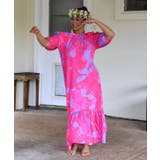 【マウナロア】Ocean Blue Bird プアアロアロVスリーブドレス | アミナコレクション  | 詳細画像1 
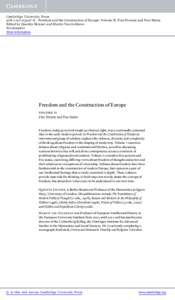 Cambridge University Press8 - Freedom and the Construction of Europe: Volume II: Free Persons and Free States Edited by Quentin Skinner and Martin Van Gelderen Frontmatter More information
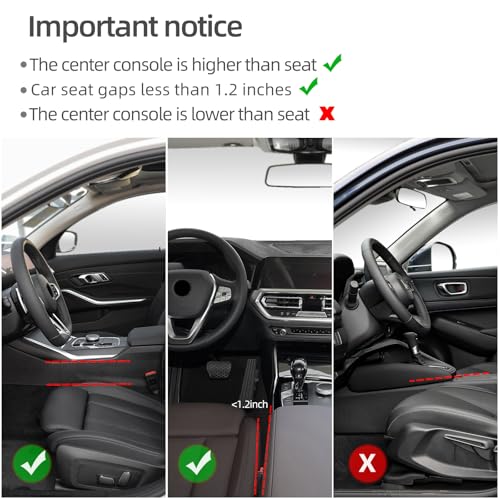 BETTERHUMZ Car Seat Gap Filler Organizer Compatible with BMW BMW G30 G20 F40 G21 G28 G11 G12 Z4 G32 G29 X1 X2 X3 X4 Series for Alcantara Car Side Seat Storage Box Accessories (carbon leather)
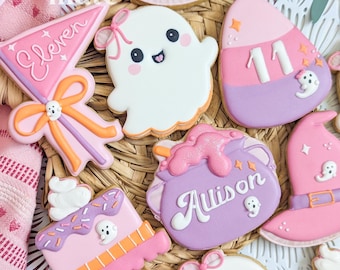 STL-Girlie Halloween Cookie Cutters - DIGITAL file- Summerween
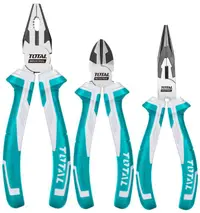 Set Clești TOTAL - Industrial, CrV, 3 piese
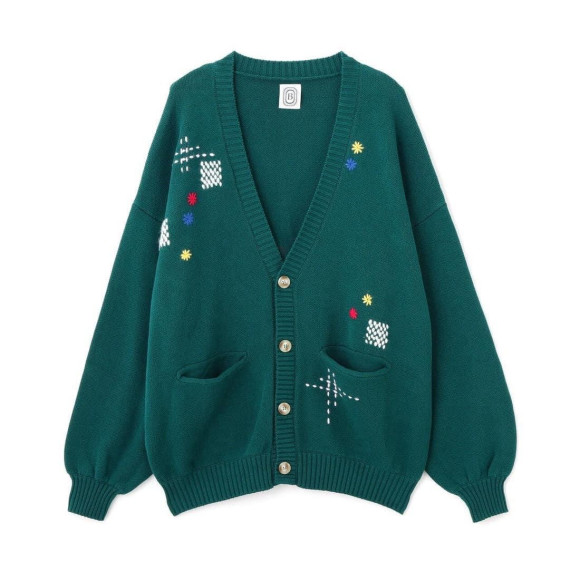 B omnivore/ビーオムニボー/HAND STITCH CARDIGAN ハンドステッチカーディガン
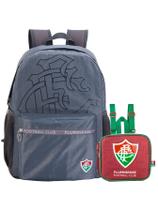 Kit Escolar Fluminense Mochila Costas + Lancheira Térmica Kit Escolar Fluminense Mochila Costas + Lancheira Térmica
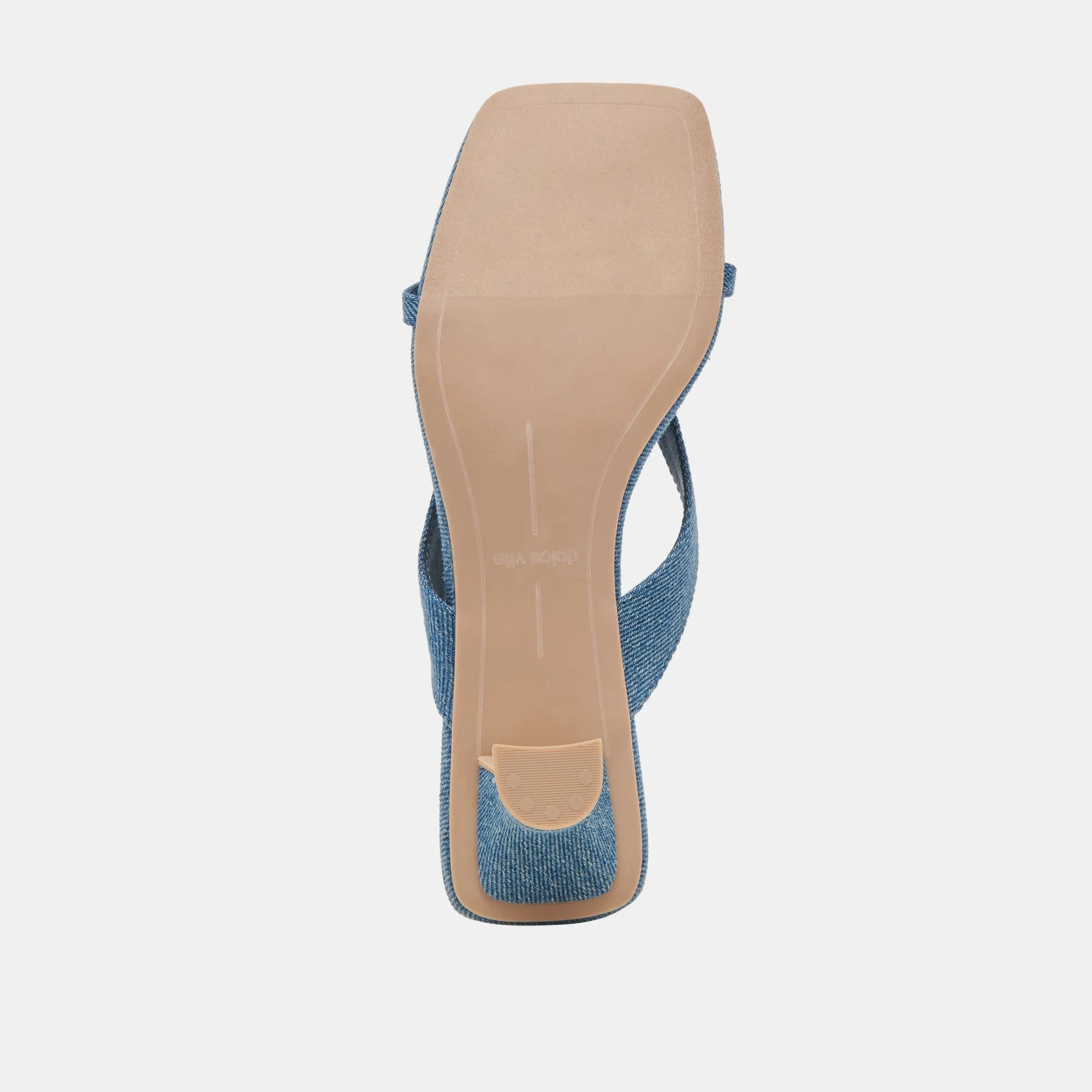 BREVEL HEELS BLUE DENIM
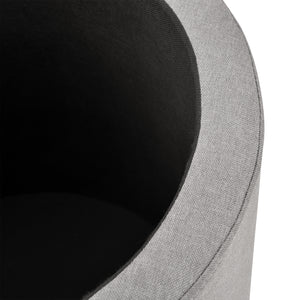 Stolik boczny Napier z miejscem do przechowywania okrągły szary/drewno kolory en.casa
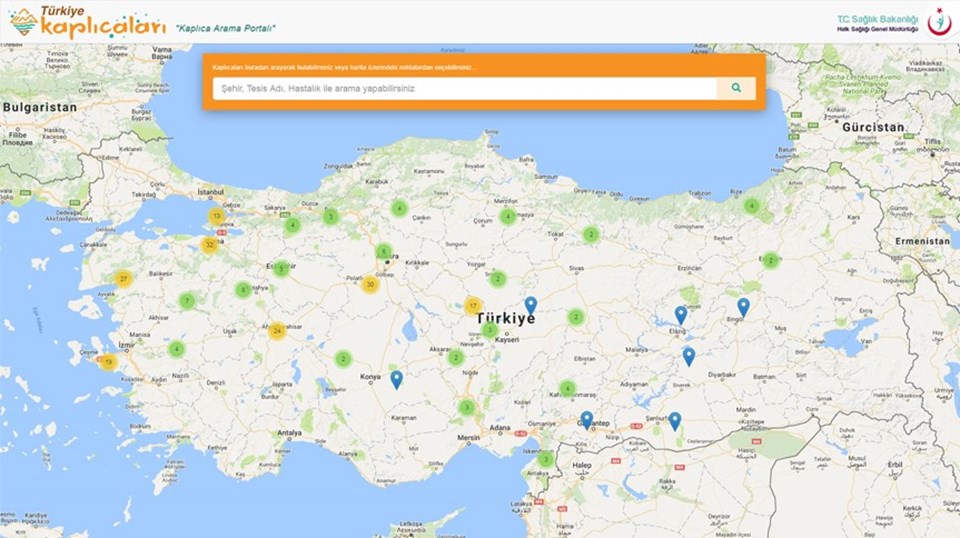 Türkiye'nin şifalı su bilgileri internet ortamında - 1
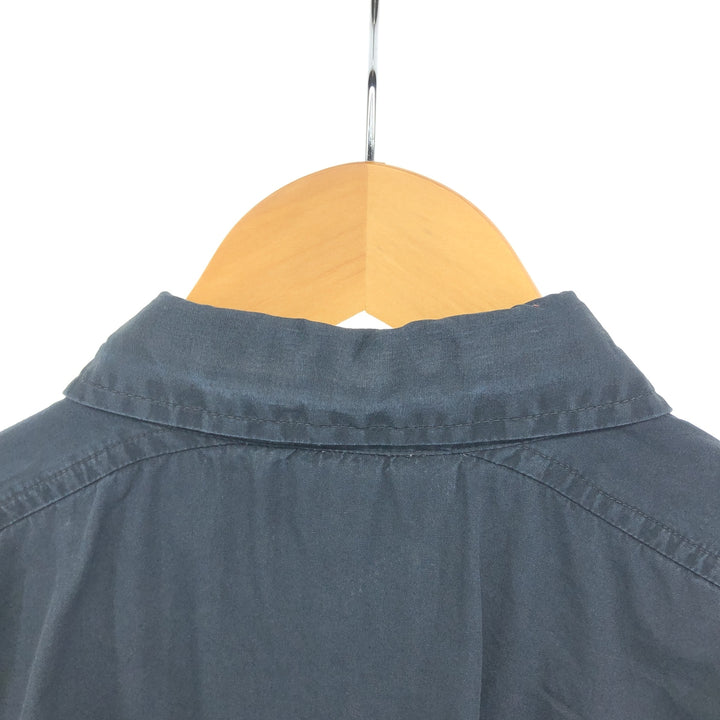 90s-00'S Columbia PFG Hidden Button Down Short Sleeve Fishing Shirt Men's XL cotton black type Vintage Second Hand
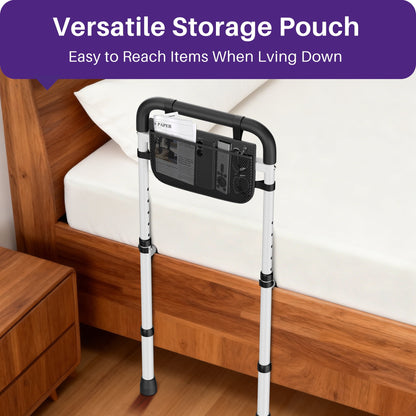 Adjustable Bed Assist Rail - Heavy-Duty Safety Handle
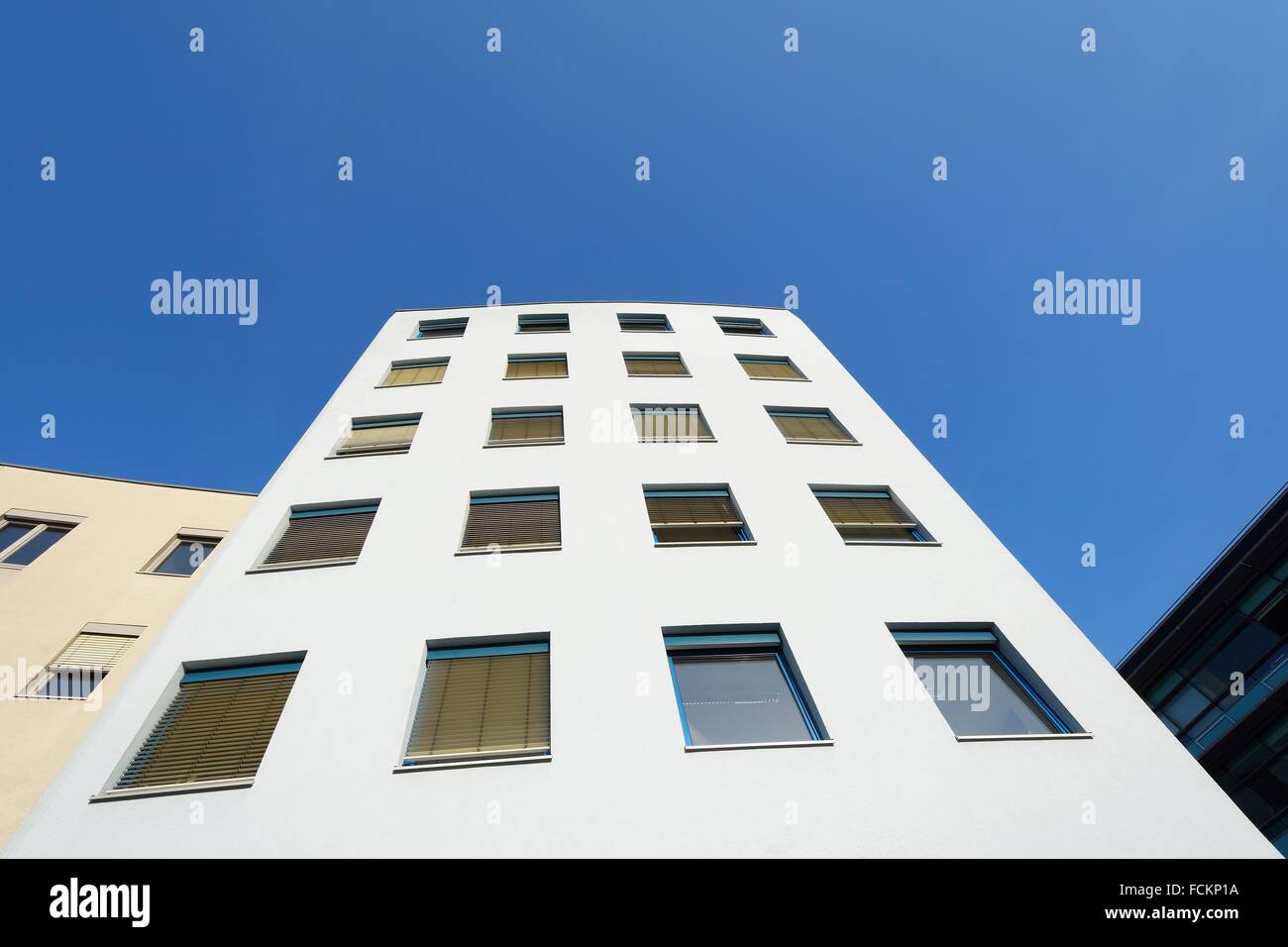 House Facade Against blue Sky, Darmstadt. Hesse, Germany Stock Photo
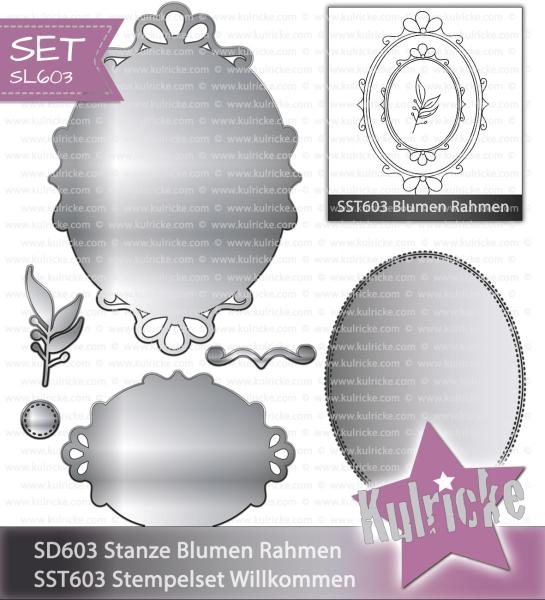 Kulricke SET "Blumen Rahmen" Stempel & Stanzen | Stanze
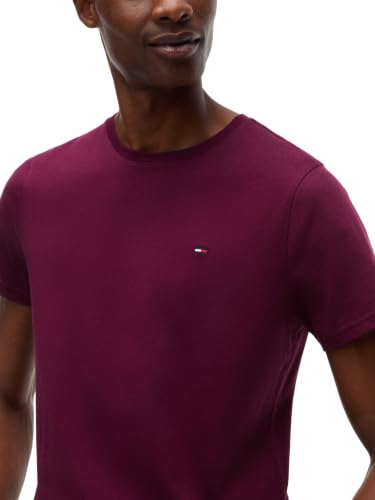 Tommy Jeans TJM Original Herren-T-Shirt, schmale Passform, kurzärmelig, Violett (Calypso Berry), L – Ansicht 3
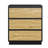 Large Wood Nighstand With 3 Drawers-1903532701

◆ Your instructions:
The result should be every line of the data, reproduced exactly, with the images removed.

◆ Solution to this exercise:
 【マウナロア】Ocean Blue Bird プアアロアロVスリーブドレス | アミナコレクション  | 詳細画像1 
 Cambridge University Press8 - Freedom and the Construction of Europe: Volume II: Free Persons and Free States Edited by Quentin Skinner and Martin Van Gelderen Frontmatter More information
 BETTERHUMZ Car Seat Gap Filler Organizer Compatible with BMW BMW G30 G20 F40 G21 G28 G11 G12 Z4 G32 G29 X1 X2 X3 X4 Series for Alcantara Car Side Seat Storage Box Accessories (carbon leather)
 STL-Girlie Halloween Cookie Cutters - DIGITAL file- Summerween
 Set Clești TOTAL - Industrial, CrV, 3 piese
 B omnivore/ビーオムニボー/HAND STITCH CARDIGAN ハンドステッチカーディガン
 Kit Escolar Fluminense Mochila Costas + Lancheira Térmica Kit Escolar Fluminense Mochila Costas + Lancheira Térmica
 BREVEL HEELS BLUE DENIM
 Stolik boczny Napier z miejscem do przechowywania okrągły szary/drewno kolory en.casa
 Türkiye'nin şifalı su bilgileri internet ortamında - 1
 90s-00'S Columbia PFG Hidden Button Down Short Sleeve Fishing Shirt Men's XL cotton black type Vintage Second Hand
 Adjustable Bed Assist Rail - Heavy-Duty Safety Handle
 House Facade Against blue Sky, Darmstadt. Hesse, Germany Stock Photo
 Kulricke SET "Blumen Rahmen" Stempel & Stanzen | Stanze
 Tommy Jeans TJM Original Herren-T-Shirt, schmale Passform, kurzärmelig, Violett (Calypso Berry), L – Ansicht 3
 Large Wood Nighstand With 3 Drawers-1903532701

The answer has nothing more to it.